[llvm-dev] (RFC) Encoding code duplication factor in discriminator (original) (raw)
Dehao Chen via llvm-dev llvm-dev at lists.llvm.org
Thu Oct 27 13:09:00 PDT 2016
- Previous message: [llvm-dev] (RFC) Encoding code duplication factor in discriminator
- Next message: [llvm-dev] (RFC) Encoding code duplication factor in discriminator
- Messages sorted by: [ date ] [ thread ] [ subject ] [ author ]
You are right, this problem also exists in GCC. And it was not solved there, we just left it open.
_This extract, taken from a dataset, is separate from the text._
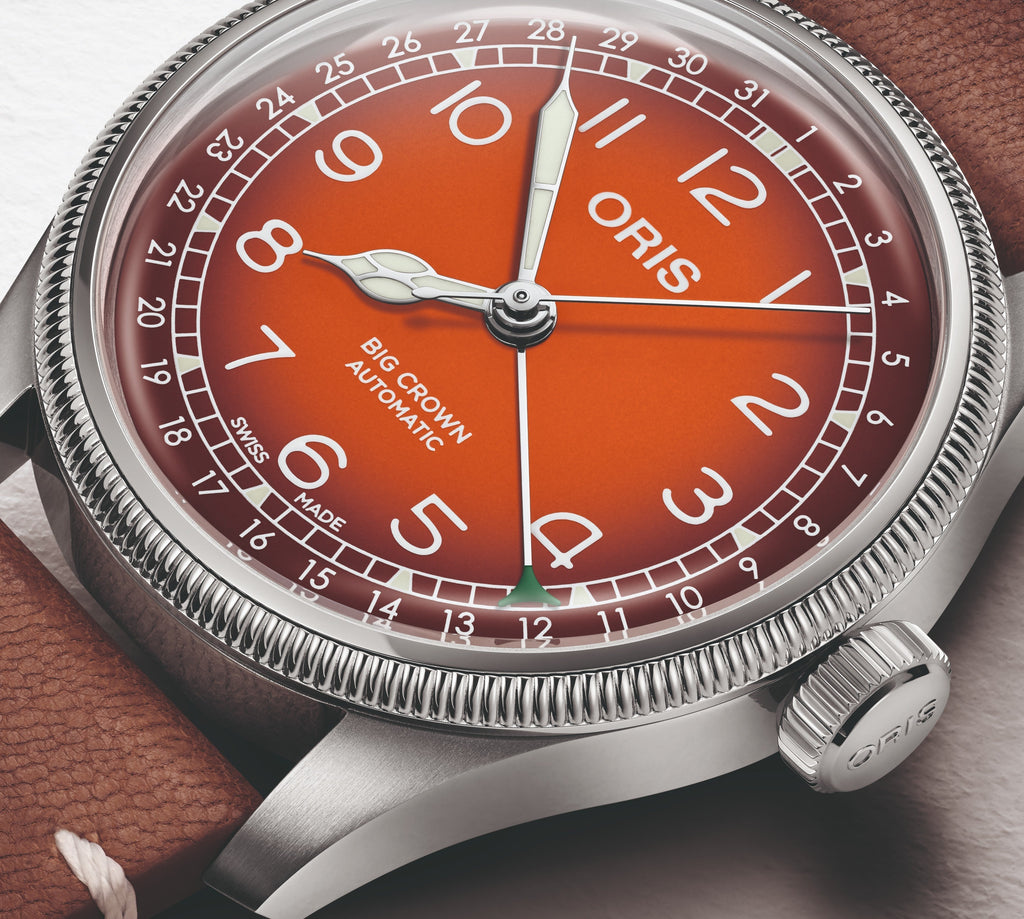 ORIS X CERVO VOLANTE: A WATCH THAT REFLECTS ELEGANCE AND CONSCIENCE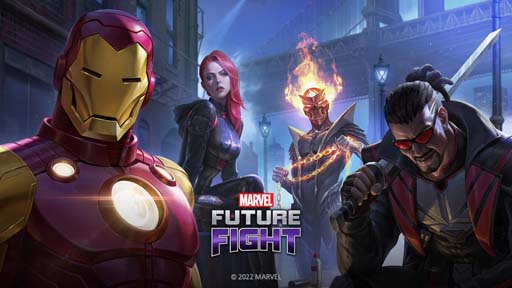 画像ギャラリー No.001のサムネイル画像 / 「マーベル・フューチャーファイト」,“アベンジャーズ・フォーエバー”をテーマにしたアップデートを実施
As now we are tuning aggressively for LLVM, I think it's a good time to raise this issue and have a thorough solution so that we have a good chance of gaining more better performance than GCC afdo.
Dehao
On Thu, Oct 27, 2016 at 11:44 AM, David Blaikie <dblaikie at gmail.com> wrote:
Is there prior art for this sort of thing (in GCC, for example) - I take it this isn't the first time this has come up as a problem for profile accuracy? (so it'd be helpful to know prior solutions to this (& if we're not doing whatever was done before, what it is about our situation that's different, etc), or why it hasn't been a problem, etc)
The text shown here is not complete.